**WHAT YOU SHOULD DO:**
Each entry should be returned exactly as written, with no pictures carried over.

**RECORDS SHOWN:**

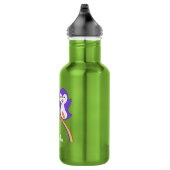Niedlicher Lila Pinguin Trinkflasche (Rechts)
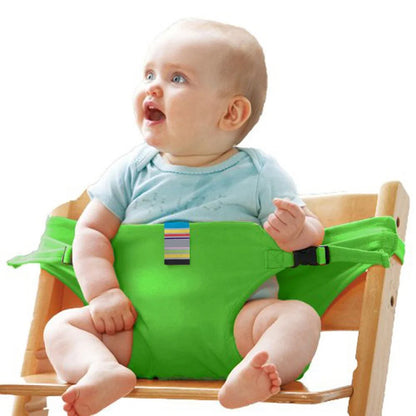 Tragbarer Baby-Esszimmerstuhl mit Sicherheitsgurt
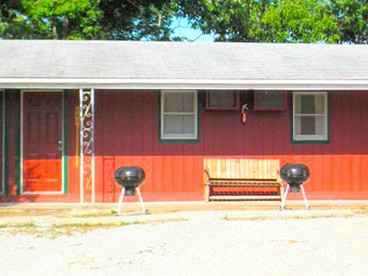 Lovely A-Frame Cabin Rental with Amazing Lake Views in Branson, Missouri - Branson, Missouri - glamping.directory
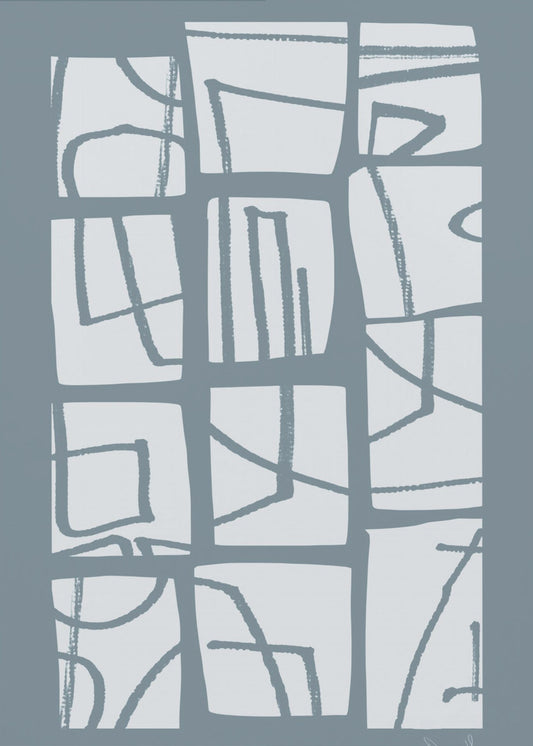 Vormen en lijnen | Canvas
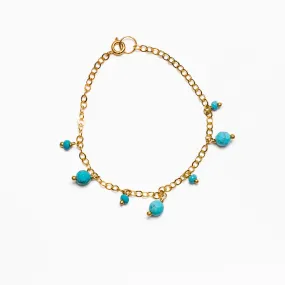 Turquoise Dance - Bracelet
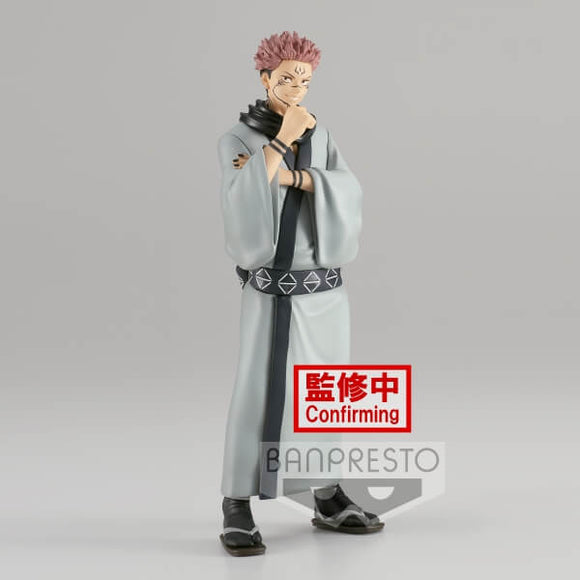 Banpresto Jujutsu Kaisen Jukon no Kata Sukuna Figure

**ANSWER BELOW:**
Niedlicher Lila Pinguin Trinkflasche (Rechts)
 Tragbarer Baby-Esszimmerstuhl mit Sicherheitsgurt
 Lovely A-Frame Cabin Rental with Amazing Lake Views in Branson, Missouri - Branson, Missouri - glamping.directory
 Vormen en lijnen | Canvas
 Turquoise Dance - Bracelet
 Banpresto Jujutsu Kaisen Jukon no Kata Sukuna Figure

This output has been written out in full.